### PROVIDED ENTRIES
-*-
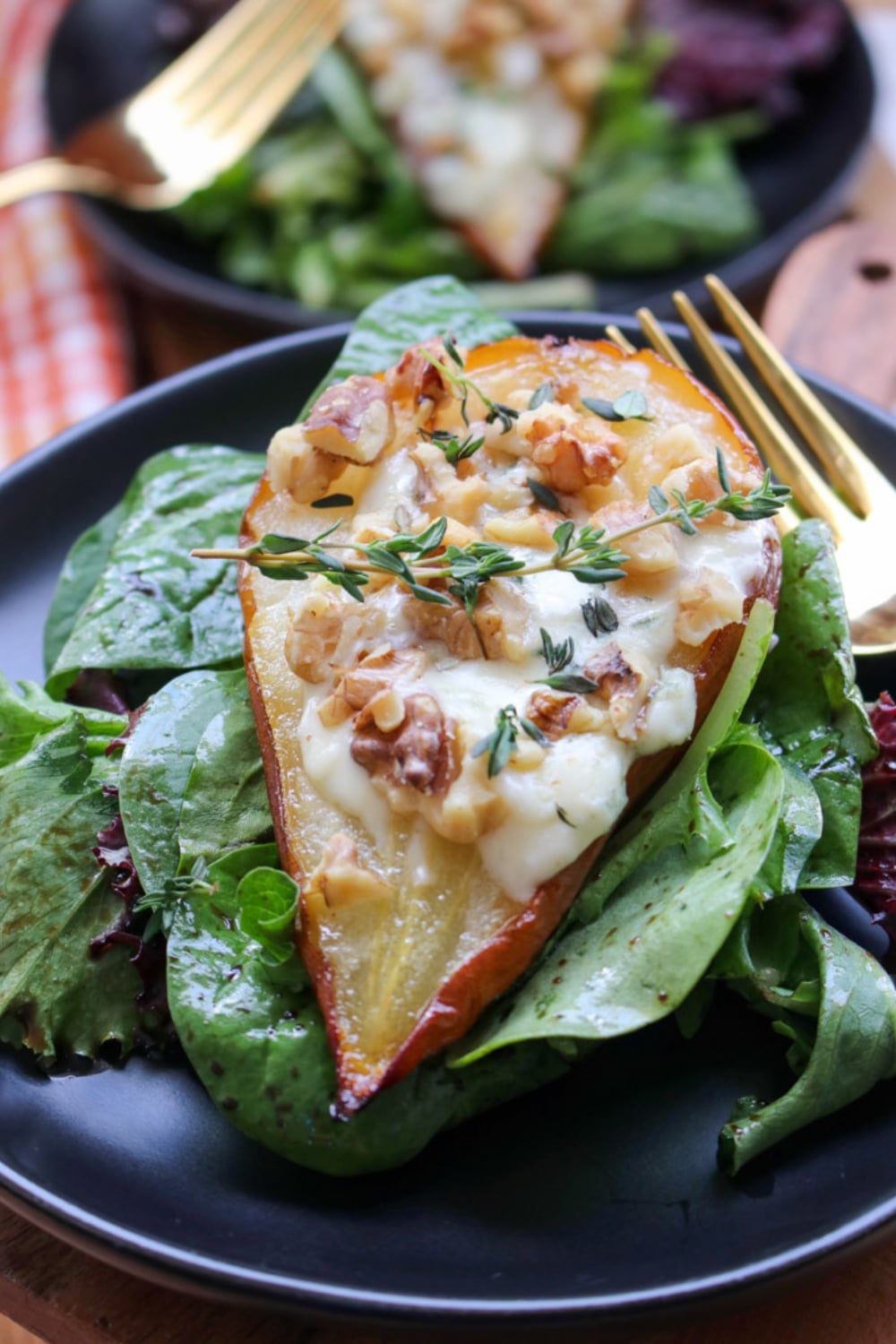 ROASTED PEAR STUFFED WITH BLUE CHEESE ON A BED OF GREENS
-*-
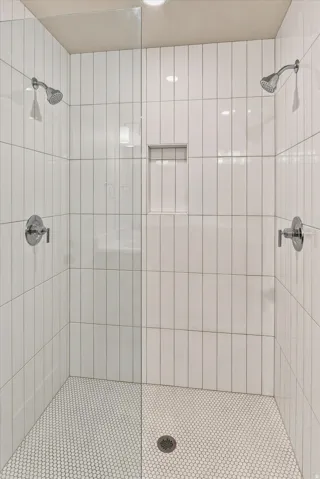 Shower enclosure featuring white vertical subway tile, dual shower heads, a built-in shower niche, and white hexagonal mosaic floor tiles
-*-
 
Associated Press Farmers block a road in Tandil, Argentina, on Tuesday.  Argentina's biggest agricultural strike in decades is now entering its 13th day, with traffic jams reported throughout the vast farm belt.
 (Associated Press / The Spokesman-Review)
-*-
### ASSIGNMENT
Where a line in the listing above contains "Associated", copy that line.

### RESULT FOR THIS EXERCISE
Associated Press Farmers block a road in Tandil, Argentina, on Tuesday.  Argentina's biggest agricultural strike in decades is now entering its 13th day, with traffic jams reported throughout the vast farm belt.
 (Associated Press / The Spokesman-Review)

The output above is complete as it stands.